In this study, we evaluated two traits based on elementary performances (BTR and AFH) and one trait based on a summarized performance (HL). The heritability estimates for M2_AFH and M2_BTR (the best-fit models for AFH and BTR) are low but similar to those reported for traits related to jumping performance based on elementary performances (Table 1). For BTR, the heritability estimates range from 0.06 to 0.09 and are consistent with those reported for Belgian sport horses by Janssens et al. [3], which range from 0.02 to 0.10 although neither Z horses nor a rider effect were included (Table 1). M2_AFH presents a higher heritability estimate (0.12) than M2_BTR but it is still lower than the estimate obtained with M1_HL (0.39). With M1_HL the heritability estimate is a little higher than the range of estimates for the “highest level achieved in a career” traits found in the literature (from 0.10 to 0.36, see Table 1). The genetic correlations estimated between the models were high (0.60) to very high (0.99) (Table 6). The highest genetic correlations (rg = 0.99) were found between M1_AFH and M1_HL and between M2_AFH and M1_HL. The fact that M1_BTR and M2_BTR differentiate the intra- from the inter-competition variability only because an event effect was added to account for the level of competitors may be the reason why they generally had lower genetic correlations with M1_AFH (rg = 0.68 and 0.69), M2_AFH (rg = 0.60 and 0.72) and M1_HL (rg = 0.68 and 0.92). The Spearman rank correlations between the stallions’ EBV (approved and young stallions) (0.88 and 0.71 for M2_AFH and M1_HL and only 0.69 and 0.49 for M2_AFH and M2_BTR) also show that taking fence height and not only ranking into consideration results in a higher correlation between EBV for M2_AFH and M1_HL compared to the (lower) correlations with the EBV for M2_BTR.
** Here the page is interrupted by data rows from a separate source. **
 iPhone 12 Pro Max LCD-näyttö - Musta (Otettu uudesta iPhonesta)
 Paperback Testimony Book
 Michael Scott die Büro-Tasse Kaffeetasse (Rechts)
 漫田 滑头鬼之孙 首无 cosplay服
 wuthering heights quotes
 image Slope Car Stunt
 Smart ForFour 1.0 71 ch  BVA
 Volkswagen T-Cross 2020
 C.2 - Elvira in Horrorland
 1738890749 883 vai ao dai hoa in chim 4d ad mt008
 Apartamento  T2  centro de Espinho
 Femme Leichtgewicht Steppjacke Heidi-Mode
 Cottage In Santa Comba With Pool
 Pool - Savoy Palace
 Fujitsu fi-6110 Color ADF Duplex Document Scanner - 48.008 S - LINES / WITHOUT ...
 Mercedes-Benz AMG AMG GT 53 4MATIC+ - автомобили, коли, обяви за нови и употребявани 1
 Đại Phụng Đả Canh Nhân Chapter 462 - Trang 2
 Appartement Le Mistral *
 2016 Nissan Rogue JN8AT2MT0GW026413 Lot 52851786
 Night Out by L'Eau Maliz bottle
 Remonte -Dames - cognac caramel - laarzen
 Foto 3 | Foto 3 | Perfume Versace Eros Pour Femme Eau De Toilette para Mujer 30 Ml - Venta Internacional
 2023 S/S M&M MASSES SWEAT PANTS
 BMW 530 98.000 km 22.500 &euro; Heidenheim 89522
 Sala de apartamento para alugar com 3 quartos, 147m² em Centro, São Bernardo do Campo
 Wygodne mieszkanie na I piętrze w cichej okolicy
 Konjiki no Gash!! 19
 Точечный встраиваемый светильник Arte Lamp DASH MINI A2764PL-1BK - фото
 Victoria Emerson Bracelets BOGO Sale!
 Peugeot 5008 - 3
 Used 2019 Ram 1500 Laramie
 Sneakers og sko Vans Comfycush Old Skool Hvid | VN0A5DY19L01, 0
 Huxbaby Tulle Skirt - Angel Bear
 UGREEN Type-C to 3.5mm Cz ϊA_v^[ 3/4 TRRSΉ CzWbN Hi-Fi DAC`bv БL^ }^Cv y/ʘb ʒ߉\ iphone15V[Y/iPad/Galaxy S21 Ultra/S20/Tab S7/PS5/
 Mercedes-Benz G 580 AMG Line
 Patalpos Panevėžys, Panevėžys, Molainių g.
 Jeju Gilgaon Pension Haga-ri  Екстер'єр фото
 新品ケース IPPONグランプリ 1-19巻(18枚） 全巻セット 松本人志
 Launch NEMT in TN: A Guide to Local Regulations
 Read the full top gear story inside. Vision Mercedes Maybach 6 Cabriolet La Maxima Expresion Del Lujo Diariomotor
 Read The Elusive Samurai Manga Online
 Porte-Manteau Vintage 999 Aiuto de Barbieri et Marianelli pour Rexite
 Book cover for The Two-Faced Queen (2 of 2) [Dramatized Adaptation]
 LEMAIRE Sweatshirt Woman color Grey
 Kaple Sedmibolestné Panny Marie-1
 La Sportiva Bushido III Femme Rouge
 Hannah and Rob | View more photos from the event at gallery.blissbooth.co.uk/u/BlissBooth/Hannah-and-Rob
In Belgium, two criteria are used to publish the EBV of stallions: having an EBV accuracy higher than 0.70 and at least five offspring with own performances. Published EBV are of great interest for breeders to help make mating choices. However, both the choice of the performance trait and the structure of the model have an impact on the list of stallions that meet the criteria. The use of M2_AFH would result in the largest number of stallions (841) (Fig. 3). Hence, this model returns more information to the breeders for making mating choices than M1_HL (766) or M2_BTR (654). The stallions for which EBV can be published based on M2_AFH and M1_HL also tend to be younger than the stallions based on M2_BTR, which indicates that the EBV of the stallions reach an accuracy of 0.70 at a younger age, hence with less own performances and/or fewer offspring with own performances. Moreover, more young stallions (4 to 5 years old with own performances but without offspring) reached an EBV accuracy of 0.70 with M2_AFH than with the other models (Fig. 2). Thus, our proposed AFH model will promote the use of younger stallions, which will impact generation interval and hence genetic progress.

Extending the current model by including a rider effect and using AFH presents substantial advantages to improve a selection program. As an axis for future research, including international competition records and not only national data could be interesting to assess the reproducibility of AFH and the added value of international data to the genetic evaluation.

Conclusions

In this paper, we propose and evaluate a novel phenotype, i.e. adjusted fence height, for the genetic evaluation of show jumping performance in Warmblood horses. This phenotype combines the fence height used in a competition with the final ranking of horses in this competition, and thus differentiates the intra- from the inter-competition variability by using a novel non-arbitrary method that can be extended to any show jumping competition dataset. This new trait, used in a model that includes a rider effect is moderately correlated with the Blom-transformed ranking and strongly correlated with lifetime success (highest level achieved). In addition, the use of this phenotype results in more approved stallions with publishable EBV, more young males reaching an EBV accuracy of 0.70 and thus more information for the breeders. A revision of the current Belgian model for show jumping performance is therefore advocated.